BASS! HOW LOW CAN YOU GO? DEATH ROW? WHAT A BROTHA KNOW.
Yeah, that voice.
“Bring The Noise” isn’t one of Public Enemy’s more political songs, but it booms just as much as “Brothers Gonna Work It Out” or “Burn Hollywood Burn”, to name two more explicitly political songs that come before “Bring The Noise” in the alphabet but didn’t get the 5-star treatment.
“Bring The Noise” was also one of the first songs to feature The Bomb Squad (P.E.’s production squad, including Chuck. They later branched out into production for LL Cool J, Slick Rick, Ice Cube, Bell Biv DeVoe and others) in full fruition. P.E.’s first album, Yo! Bumrush The Show, is solid but the production is a bit more traditional hip-hop (with respect to the era) and Chuck’s rhyming is less impassioned–he has his MC voice but he doesn’t have his MLK voice yet. “Bring The Noise”, which was a bridge single between Bumrush and the classic It Takes A Nation Of Millions To Hold Us Back, sounds like noise. On top of more noise. It’s dizzying.

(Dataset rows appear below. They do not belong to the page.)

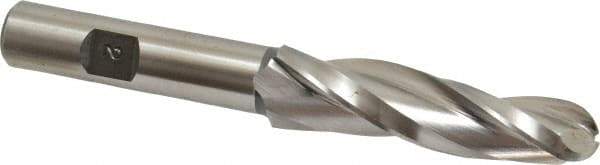 Made in USA - 2° Taper Angle per Side, 1/2" Small End Diam, 2-1/4" LOC, High Speed Steel 3 Flute Tapered Ball End Mill - 4-1/4" OAL, 1/2" Shank Diam - USA Tool & Supply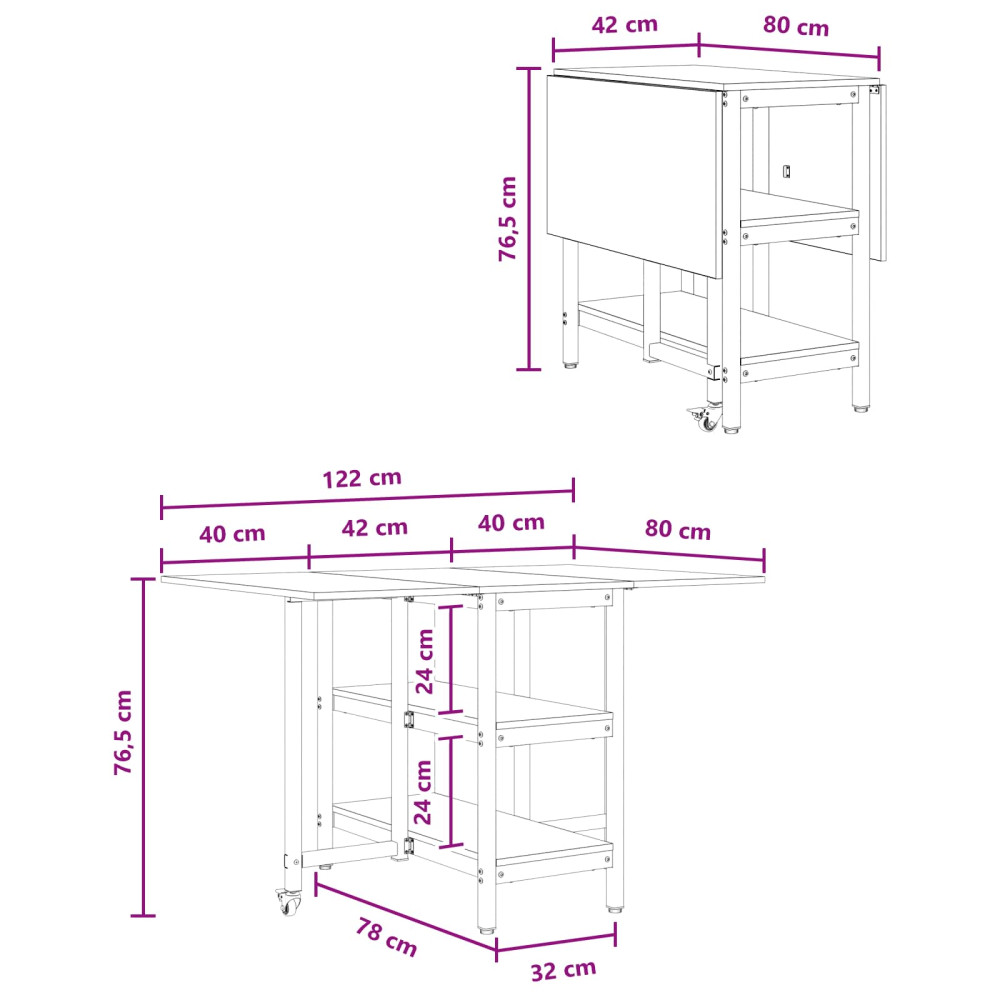 Produktbild för Matbord 122 x 80 x 76,5 cm Konstruerat trä Rökt ek Rektangulär
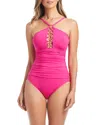 Beyond Control Bleu Rod Beattie Draped Over The Shoulder One Piece Swimsuit In Pink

Three years later, Public Enemy cut a version of “Bring The Noise” with New York metal legends Anthrax and slightly modified spelling. It’s arguably more energetic than the original, and Chuck D.’s voice works just as well on top of power chords as it did with The Bomb Squad’s frenetic mix of cuts and samples. What could’ve just been a weird peanut butter in my chocolate experiment wound up being a seamless merger of two genres that would seem pretty disparate to the naked eye.